> [Your objective]:
Quote the material exactly from the line that contains "Feles Çapraz Üç" through its last line. Any pictures are to be left out.

> [Provided data]:
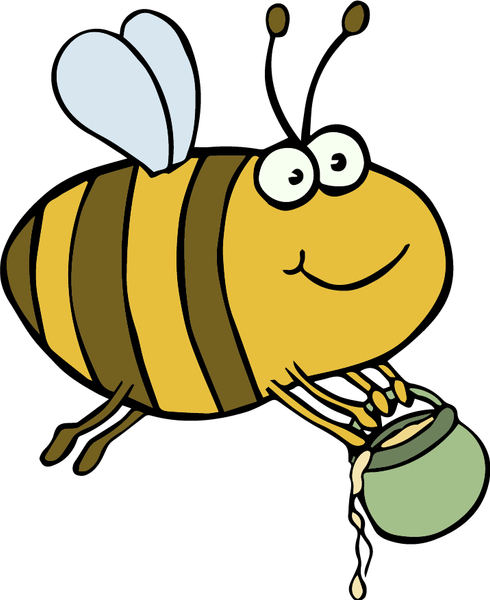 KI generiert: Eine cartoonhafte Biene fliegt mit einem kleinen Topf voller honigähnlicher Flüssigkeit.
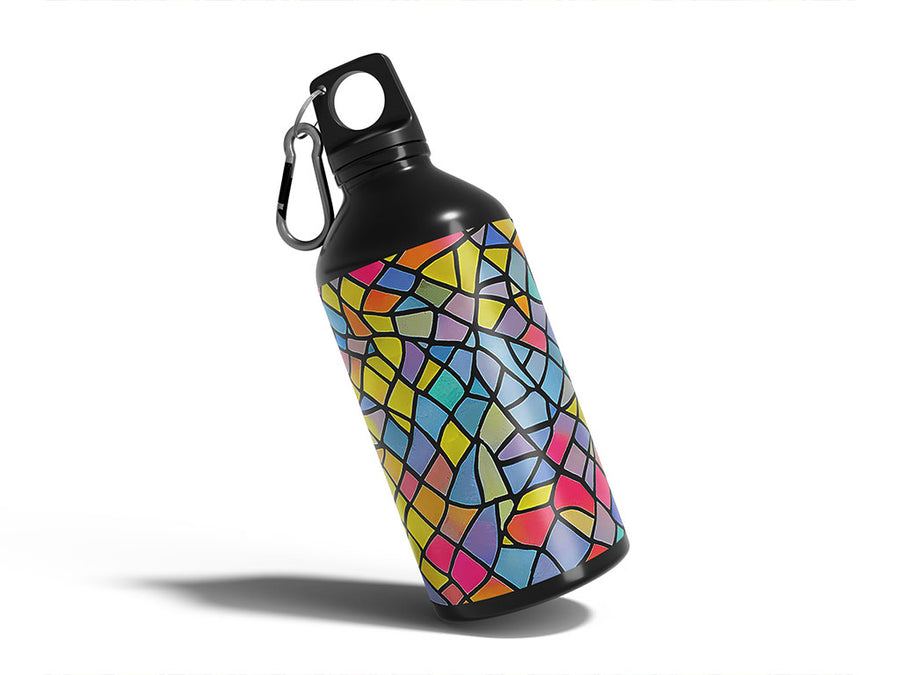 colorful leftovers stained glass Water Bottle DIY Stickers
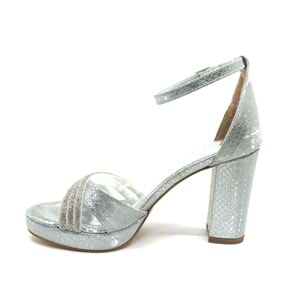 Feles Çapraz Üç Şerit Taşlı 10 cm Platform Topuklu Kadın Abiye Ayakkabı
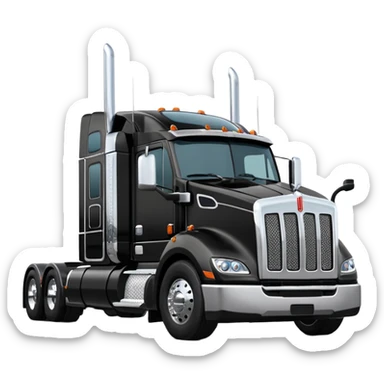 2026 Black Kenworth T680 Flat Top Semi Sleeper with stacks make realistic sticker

> [Written reply]:
 Feles Çapraz Üç Şerit Taşlı 10 cm Platform Topuklu Kadın Abiye Ayakkabı
 2026 Black Kenworth T680 Flat Top Semi Sleeper with stacks make realistic sticker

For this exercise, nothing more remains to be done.